◆ **PROMPT**:
Could you reproduce every entry as it stands, leaving the pictures behind?

(Web page caption snippets)
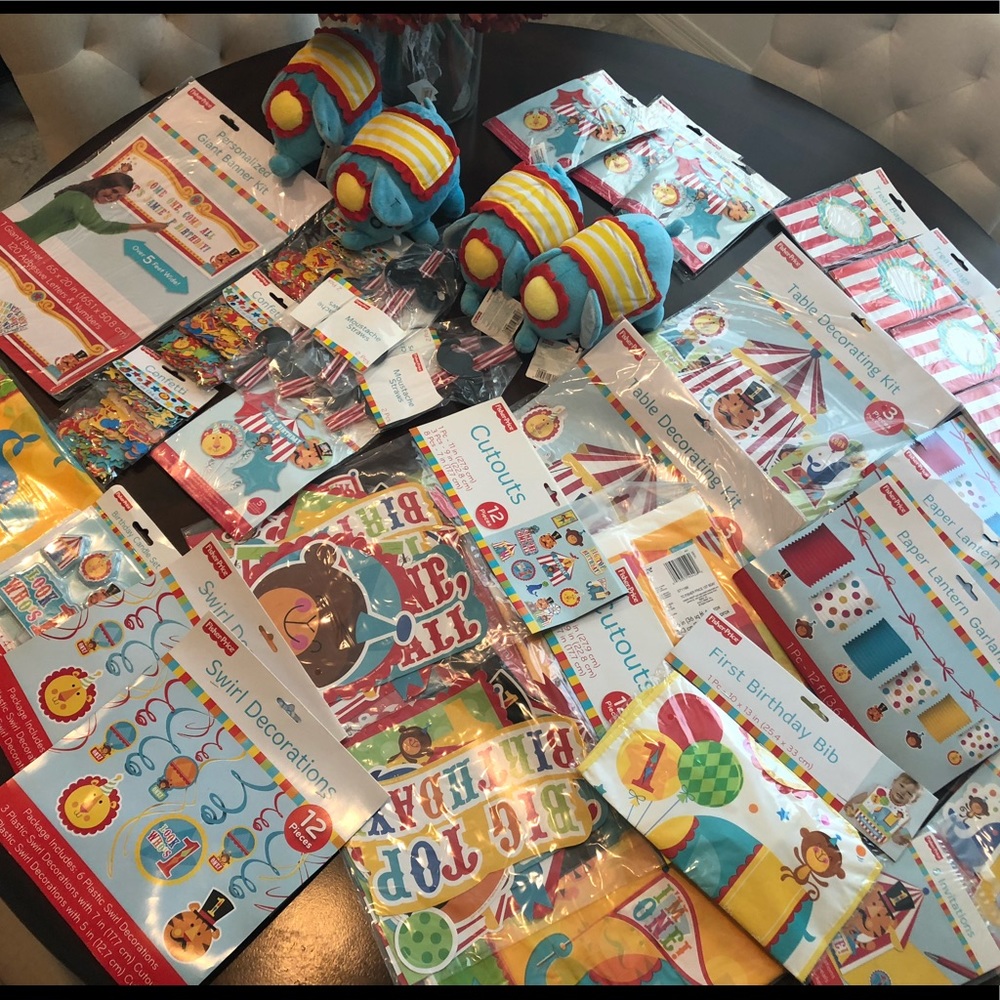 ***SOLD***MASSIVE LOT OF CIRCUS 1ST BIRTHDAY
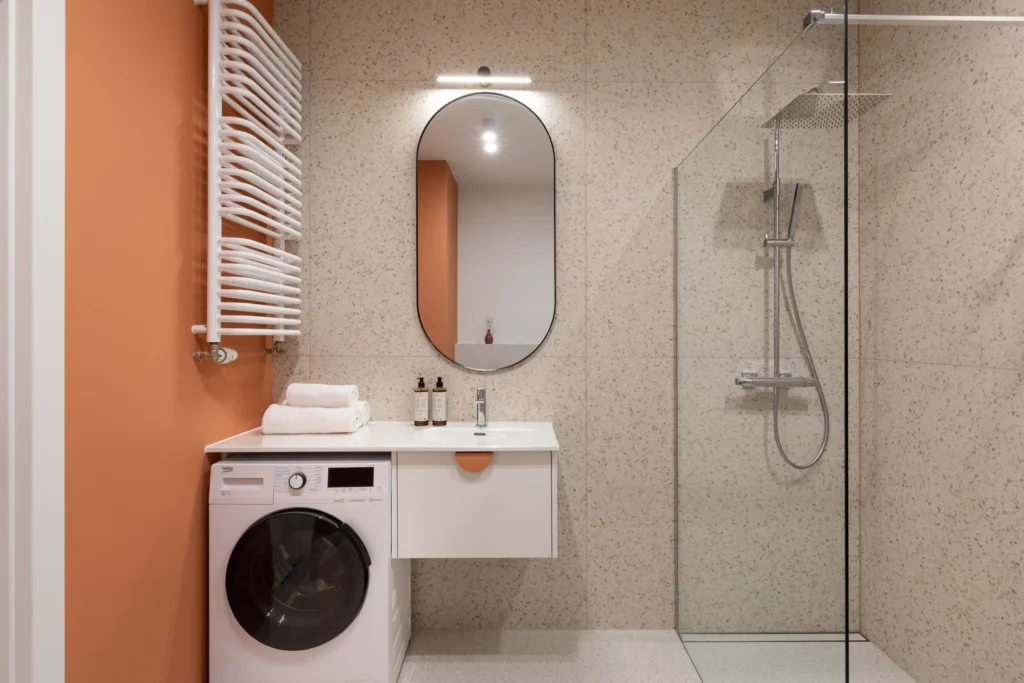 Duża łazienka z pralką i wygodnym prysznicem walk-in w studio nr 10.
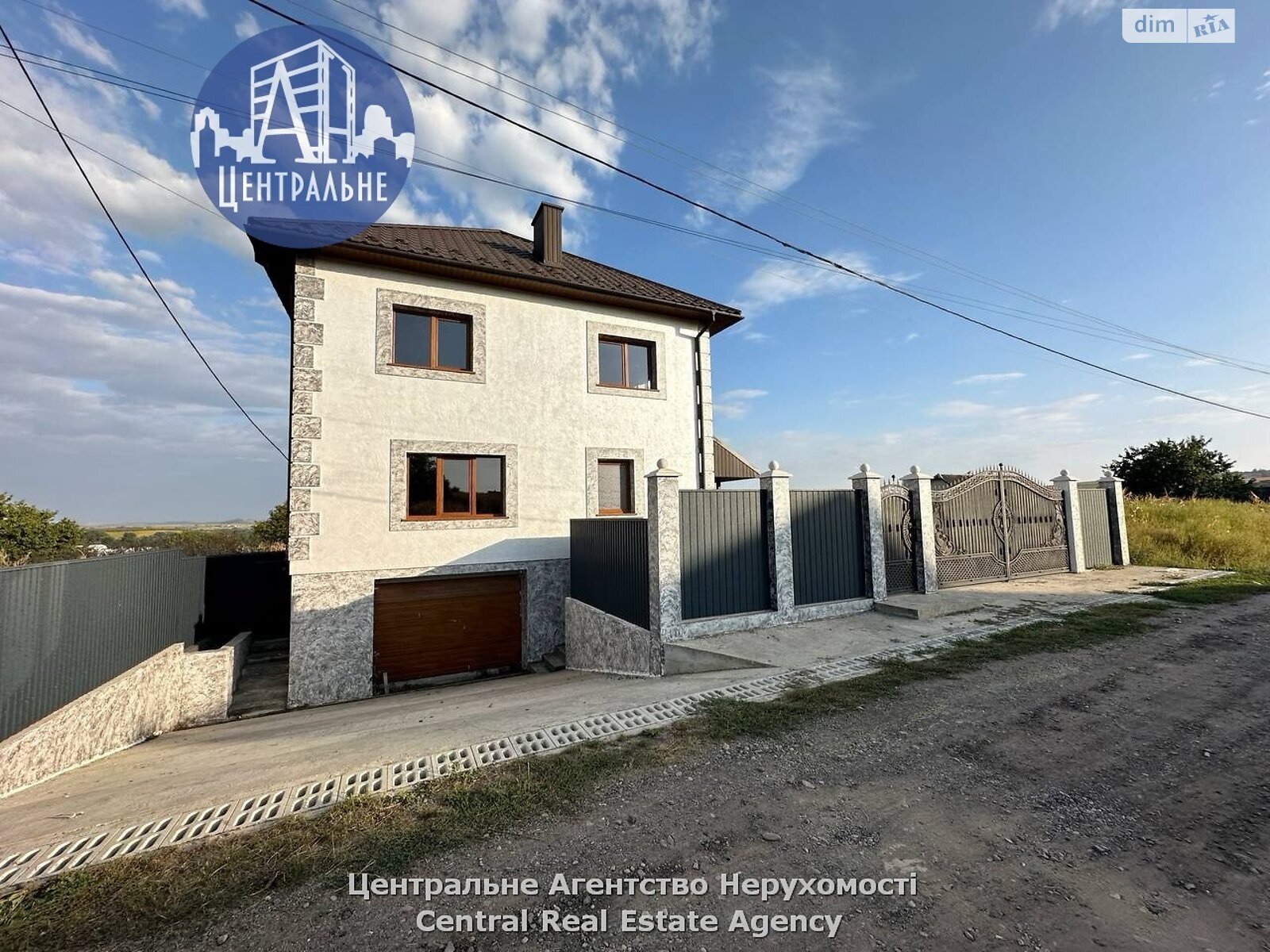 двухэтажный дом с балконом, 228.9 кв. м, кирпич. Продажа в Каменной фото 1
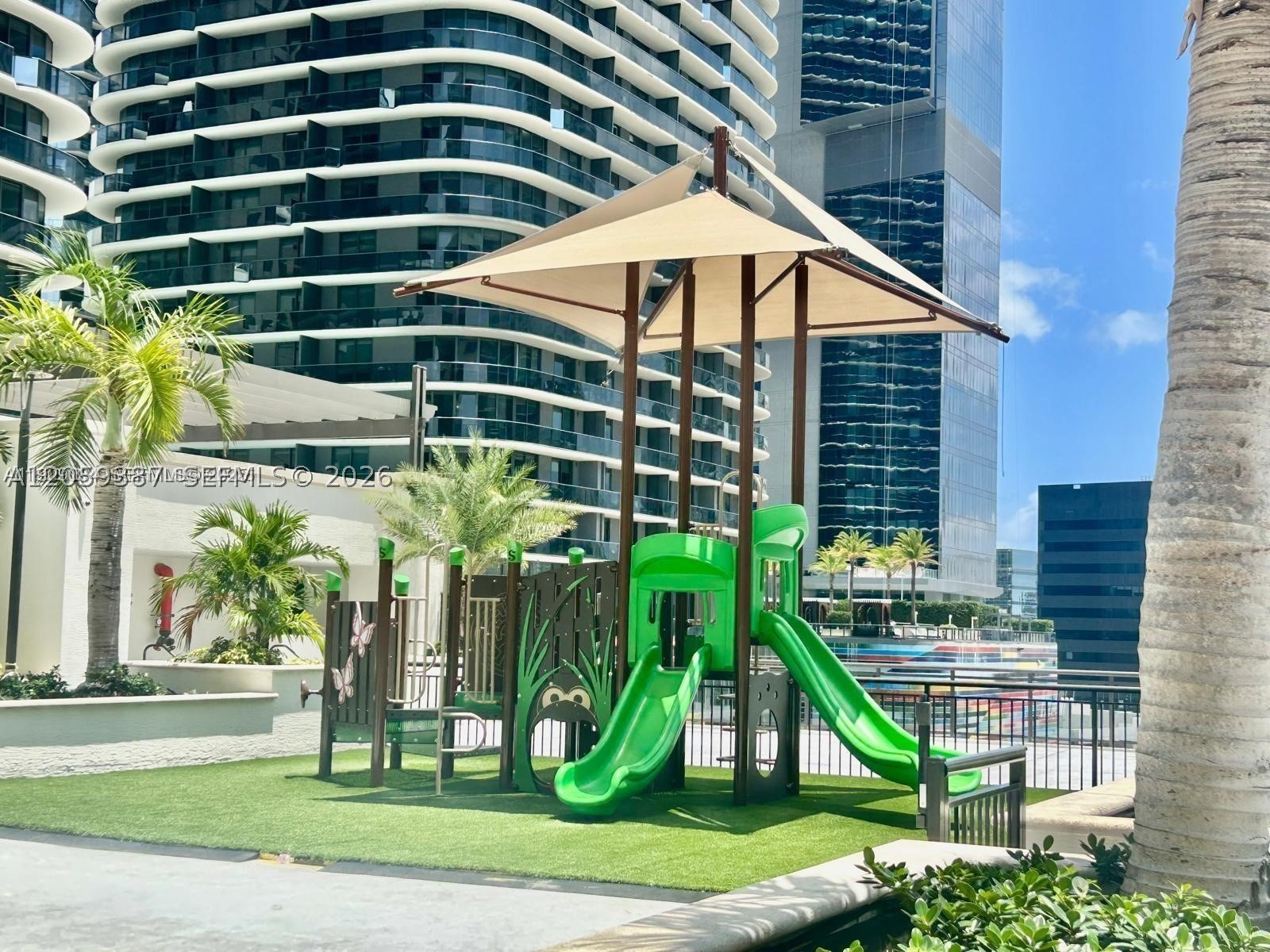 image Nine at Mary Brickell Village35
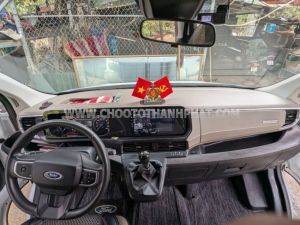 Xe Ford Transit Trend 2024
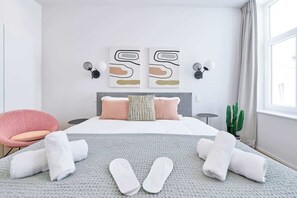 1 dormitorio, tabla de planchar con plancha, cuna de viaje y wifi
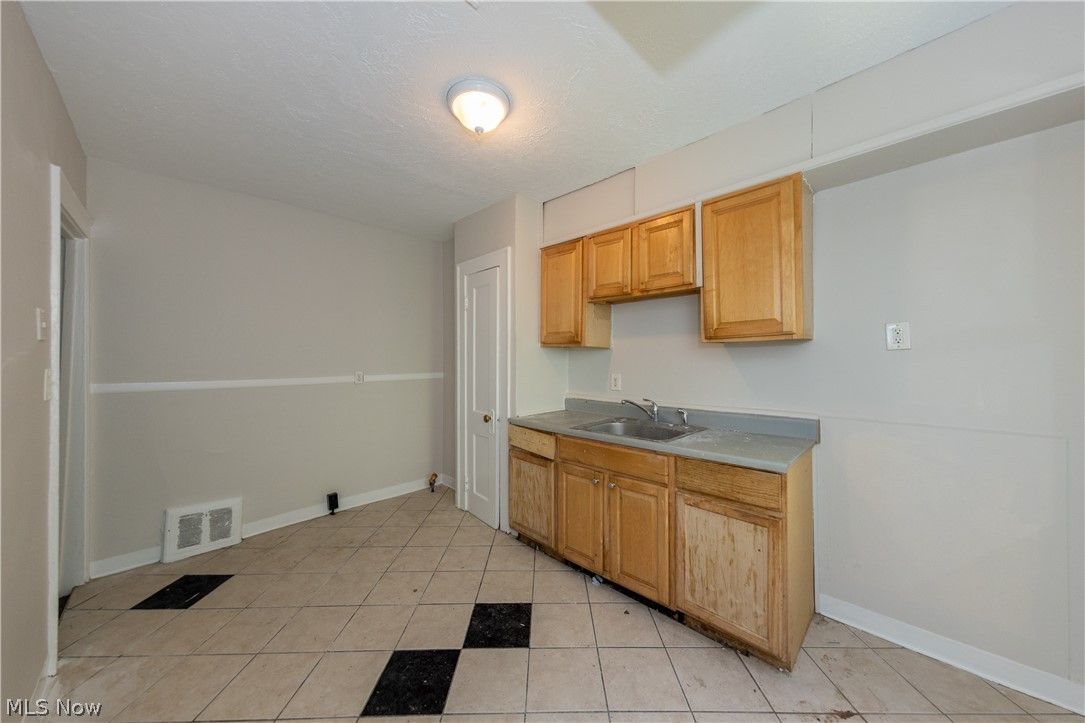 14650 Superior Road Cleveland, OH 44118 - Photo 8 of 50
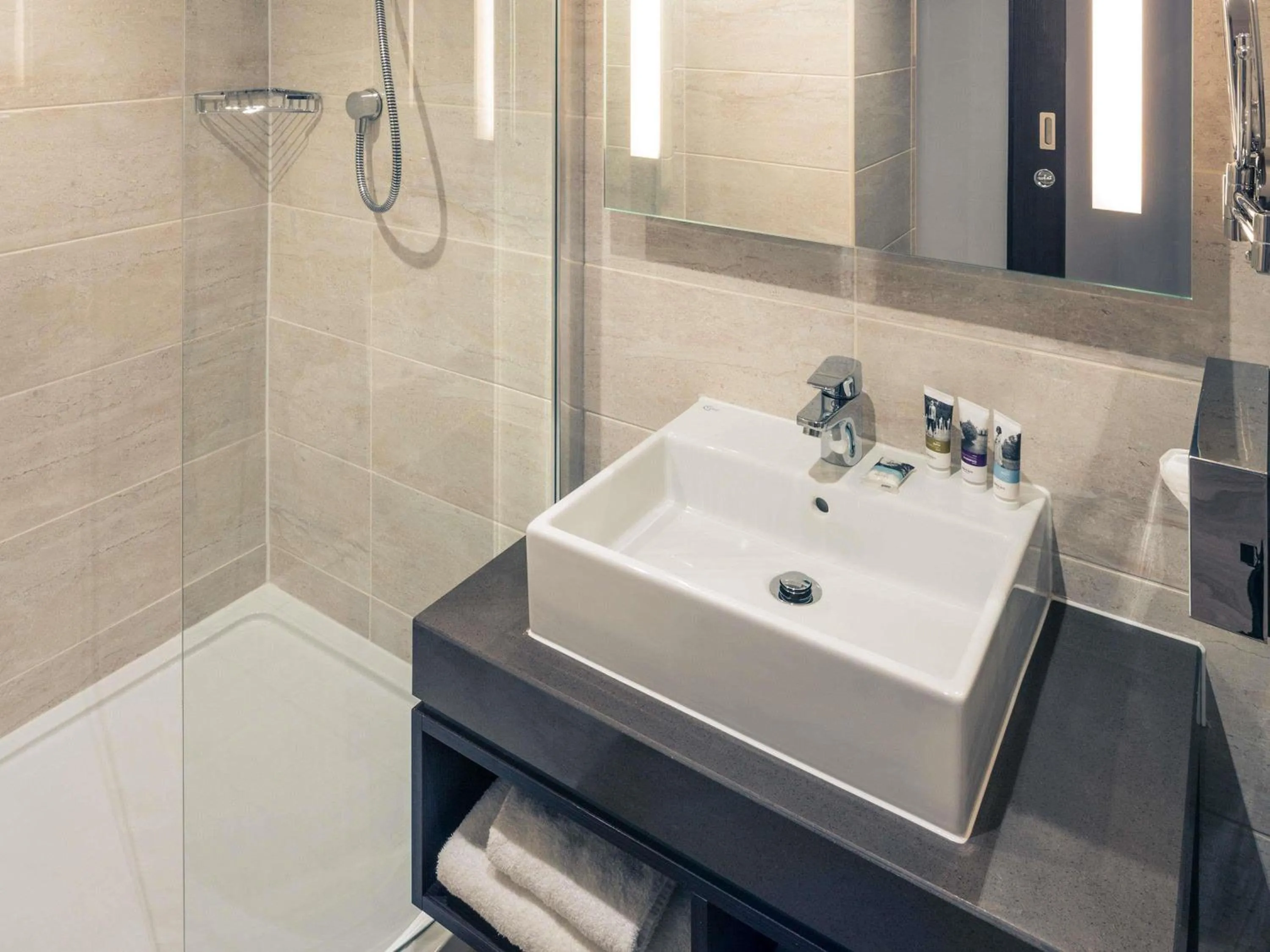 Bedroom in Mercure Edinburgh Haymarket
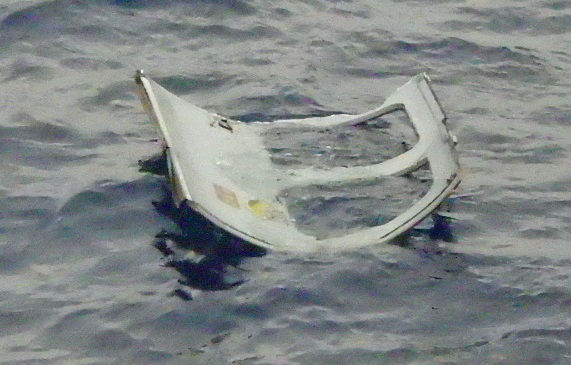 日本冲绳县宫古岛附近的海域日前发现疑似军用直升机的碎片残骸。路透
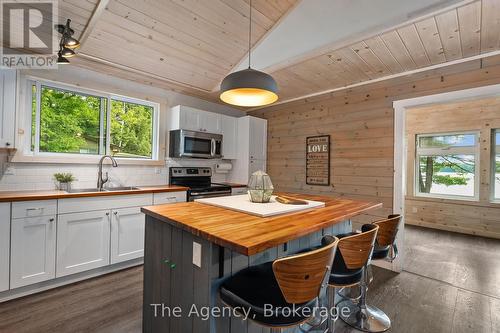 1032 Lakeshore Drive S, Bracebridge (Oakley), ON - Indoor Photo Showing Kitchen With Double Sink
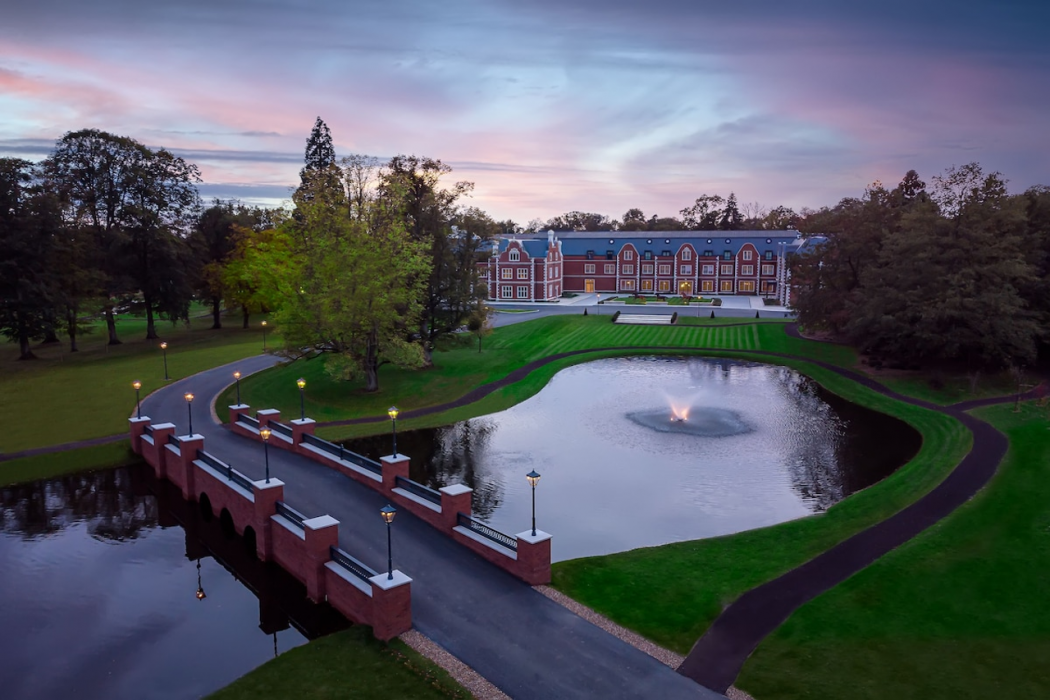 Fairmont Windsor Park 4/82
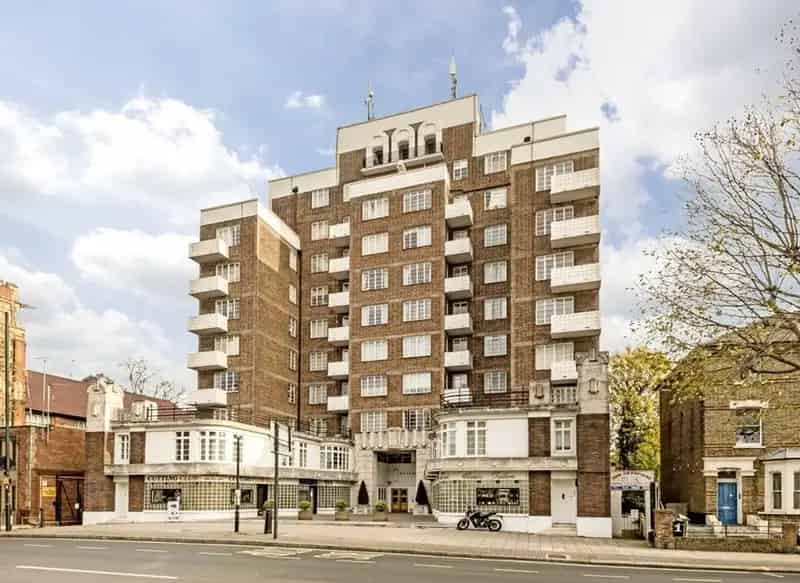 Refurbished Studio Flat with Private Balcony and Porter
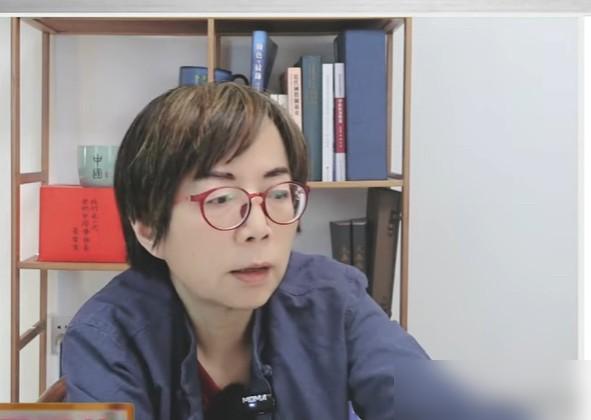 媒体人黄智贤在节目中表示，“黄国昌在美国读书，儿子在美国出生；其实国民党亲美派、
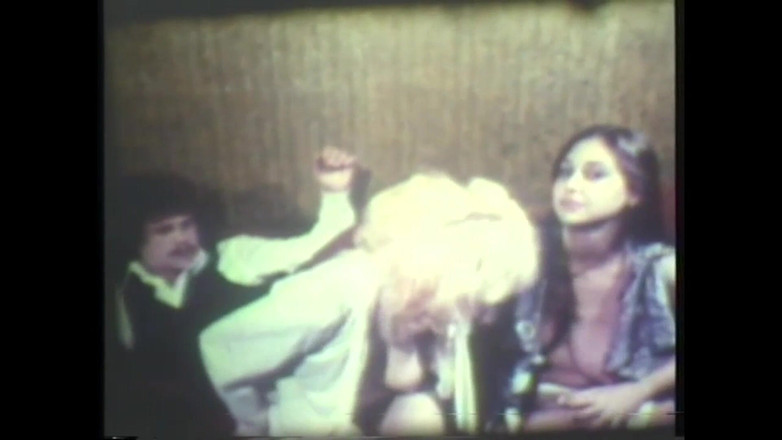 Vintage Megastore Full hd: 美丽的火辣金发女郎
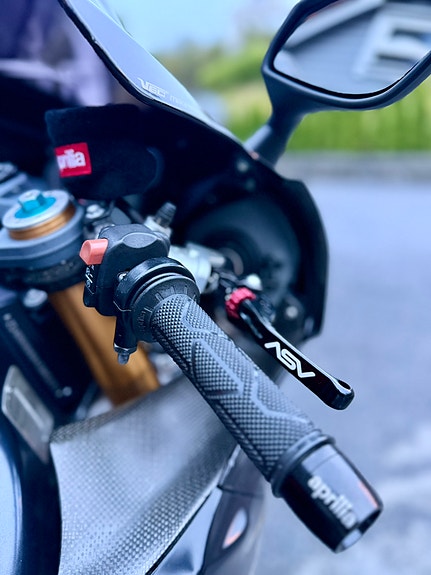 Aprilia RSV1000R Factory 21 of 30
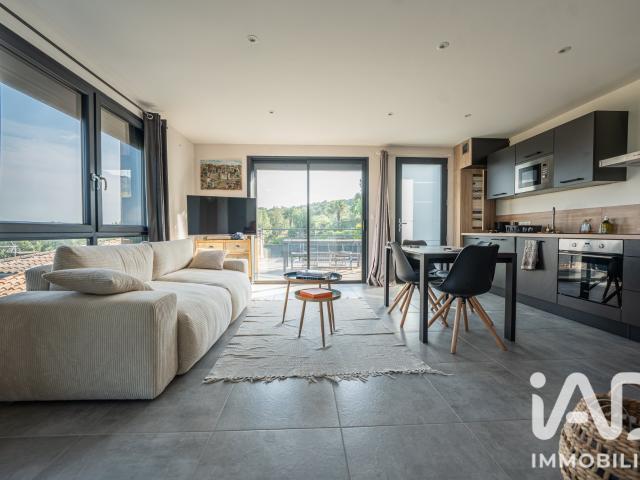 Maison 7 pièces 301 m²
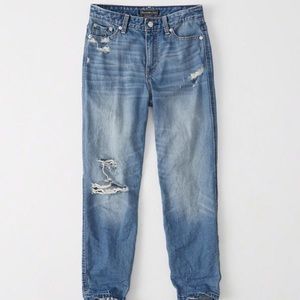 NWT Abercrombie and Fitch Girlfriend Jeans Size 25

◆ **TASK SOLUTION**:
 ***SOLD***MASSIVE LOT OF CIRCUS 1ST BIRTHDAY
 Duża łazienka z pralką i wygodnym prysznicem walk-in w studio nr 10.
 двухэтажный дом с балконом, 228.9 кв. м, кирпич. Продажа в Каменной фото 1
 image Nine at Mary Brickell Village35
 Xe Ford Transit Trend 2024
 1 dormitorio, tabla de planchar con plancha, cuna de viaje y wifi
 14650 Superior Road Cleveland, OH 44118 - Photo 8 of 50
 Bedroom in Mercure Edinburgh Haymarket
 日本冲绳县宫古岛附近的海域日前发现疑似军用直升机的碎片残骸。路透
 1032 Lakeshore Drive S, Bracebridge (Oakley), ON - Indoor Photo Showing Kitchen With Double Sink
 Fairmont Windsor Park 4/82
 Refurbished Studio Flat with Private Balcony and Porter
 媒体人黄智贤在节目中表示，“黄国昌在美国读书，儿子在美国出生；其实国民党亲美派、
 Vintage Megastore Full hd: 美丽的火辣金发女郎
 Aprilia RSV1000R Factory 21 of 30
 Maison 7 pièces 301 m²
 NWT Abercrombie and Fitch Girlfriend Jeans Size 25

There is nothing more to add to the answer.